When the mere act of showing up to a dive bar is well outside of their comfort zone, Logan’s new go-to insult for his children rings especially true: “You are not serious people.” And on the subject of insults …

The Most Brutal Insults of the Week

5. After Kendall brings up Buddhism when Logan takes away their helicopter: “That’s really wise. Um, hey, Buddha, nice Tom Fords.” —Roman

4. The groom-to-be delivering the world’s most depressing self-own: “The good thing about having a family that doesn’t love you is you learn to live without it.” —Connor

3. After finding out that Tom’s ensured none of the city’s top divorce lawyers can represent her: “You wanna be my dad’s little bitch boy? Why don’t you deliver him a message, bitch boy: Tell him to fuck off and stay out of my life.” —Shiv

2. When Willa gets cold feet about marrying Connor: “Don’t worry about that, just toss her another 10 grand, or a snowmobile and some teeth-whitening vouchers.” —Roman

1. After Greg asks to grab her for five minutes: “Yeah, why not? You’ve already grabbed every other woman in Manhattan.” —Kerry

The Cousin Greg Corner

“Rehearsal” was tragically light on Greg-related shenanigans, but what our gangly king did provide this week was just as delightful and painfully awkward as we’ve all come to expect. Hoping for more “next-level tasks” from Tom at work, Greg has to earn his stripes by being the one to tell Kerry that she can’t cut it as a news anchor. Greg, of all people, informing the most terrifying character with bangs on television that she won’t land her dream job? That’s what you call a mismatch.

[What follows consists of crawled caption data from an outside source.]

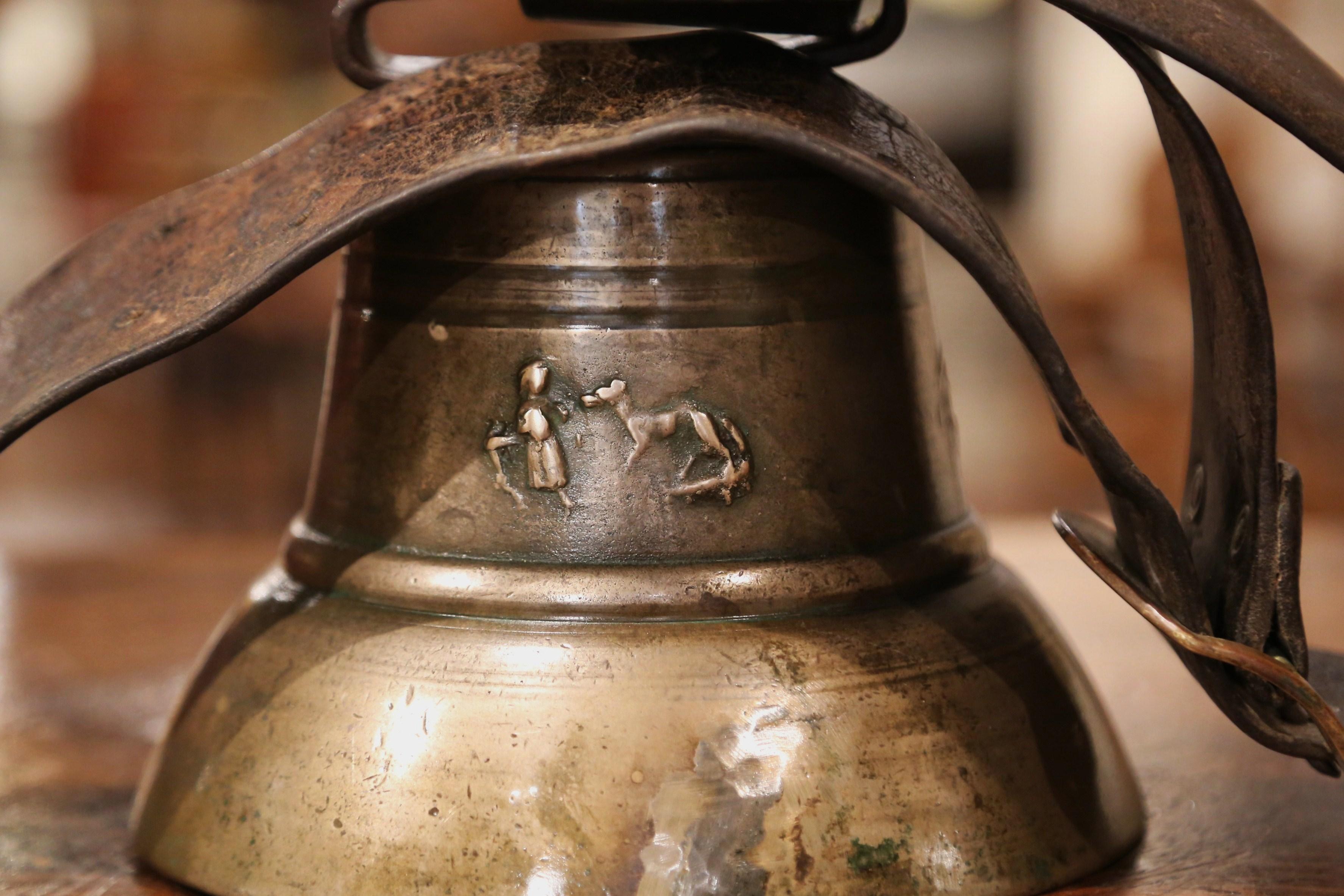 19th Century French Bronze Cow Bell with Original Leather Strap and Buckle 1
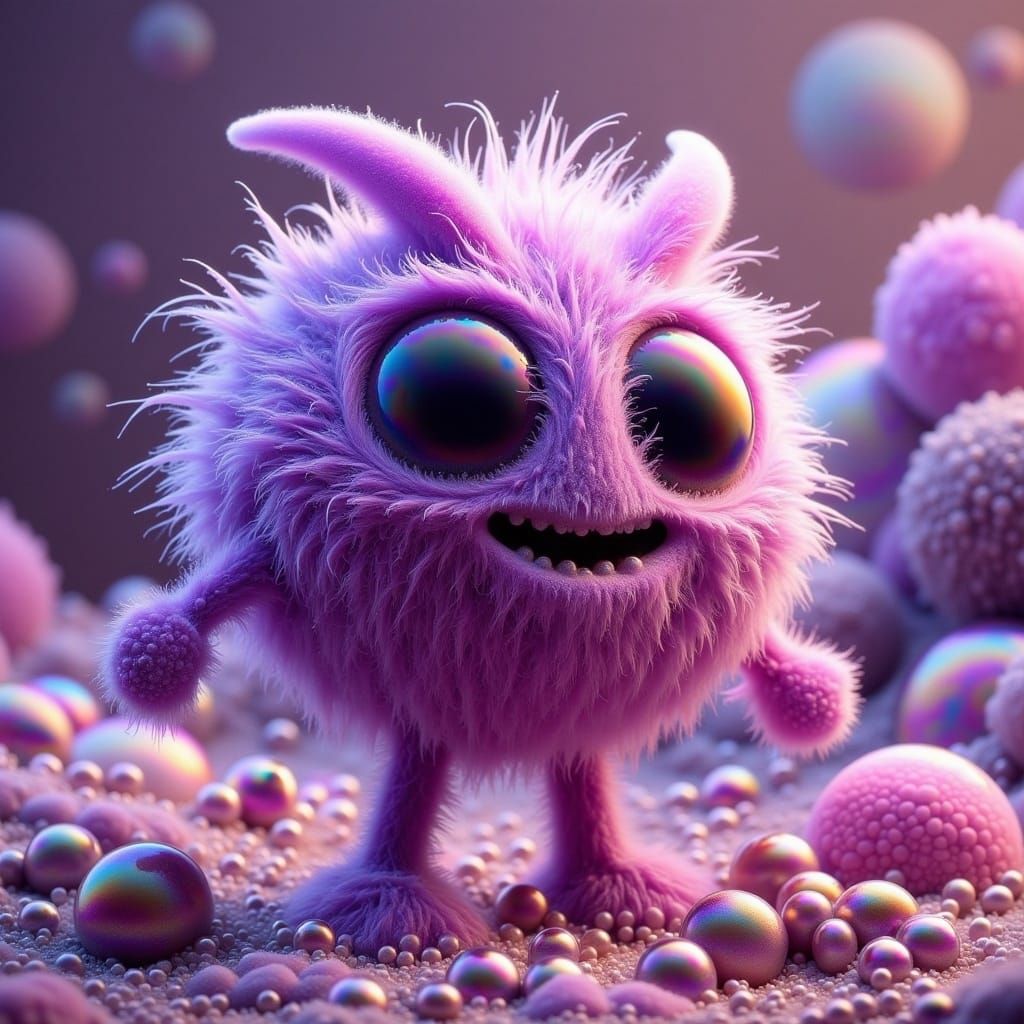 Cute Purple Creature Plays in Candyland Landscape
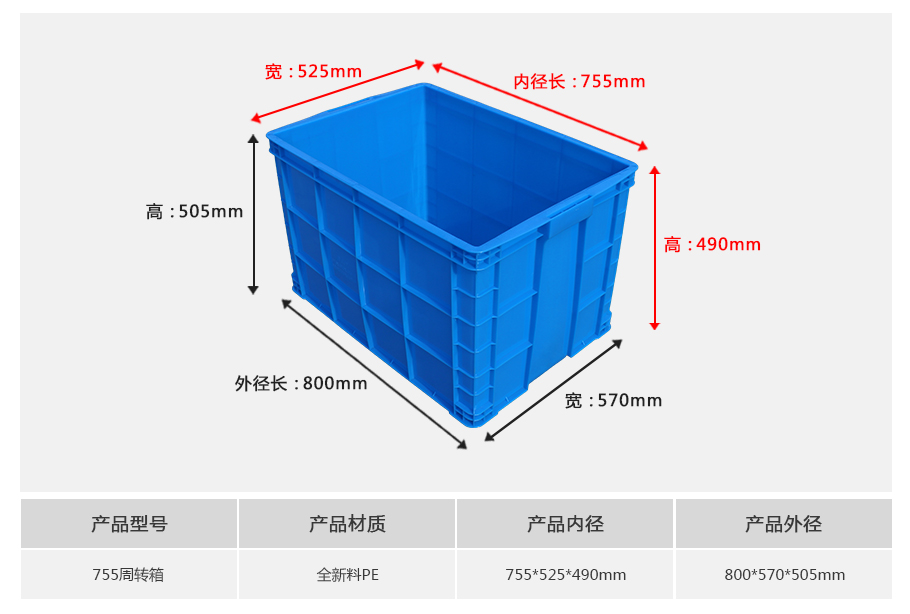 william威廉中文官网755塑料周转箱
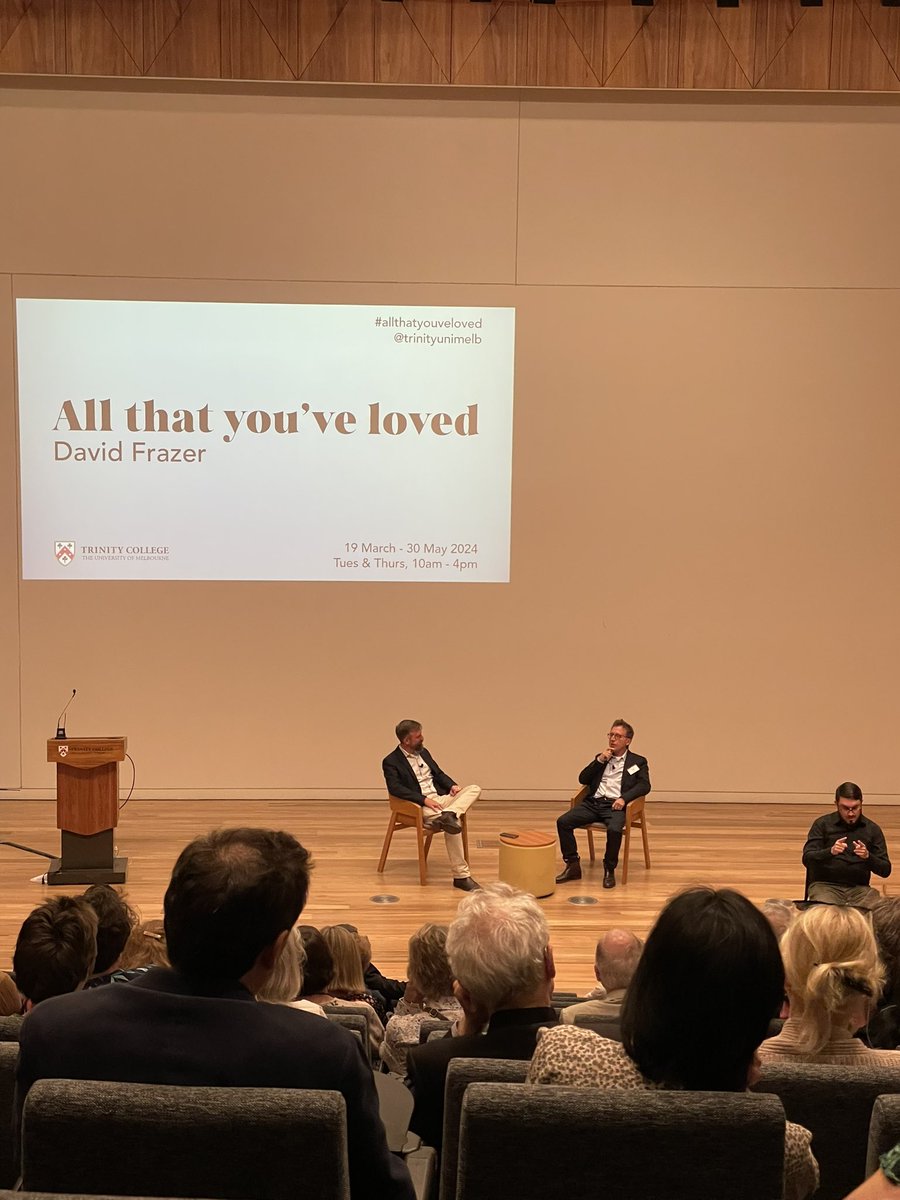 Fantastic launch of #allthatyouveloved exhibition @trinityunimelb tonight. “Reality has never held me back before” - David Frazer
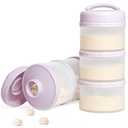 Termichy Stackable Formula Dispenser Portable Milk Powder Container, 2 Pack, Light Purple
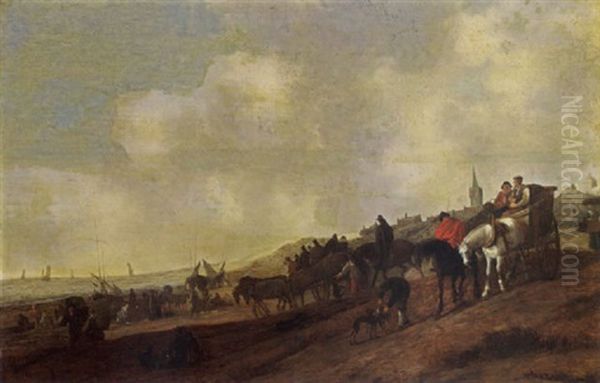 A Beach Scene With Fishermen Unloading Their Catch, And Figures Arriving In Horse-drawn Carts Together With Their Dogs, A Church Tower And A Village Beyond Oil Painting by Cornelis Beelt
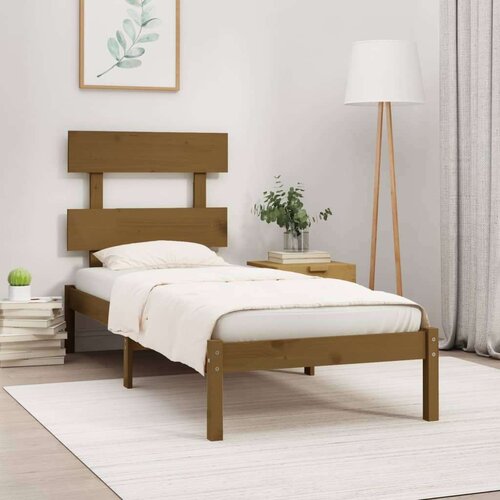  Posteljni okvir medeno rjav iz trdnega lesa 100x200 cm, (20644008) Slike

Things don’t get off to a great start. When Greg asks to grab her for five minutes, Kerry immediately throws down the hammer with the aforementioned insult about his sexual escapades across the city. (Following in the footsteps of the actor who plays him, Greg has obviously turned into New York’s most desirable bachelor.) It doesn’t get much better from there; and like Kerry trying to read from a teleprompter, Greg fumbles through an explanation for why she can’t be on ATN. “Great package, maybe the arms aren’t right—they’re a little un-TV,” he says. (What are TV arms, exactly?)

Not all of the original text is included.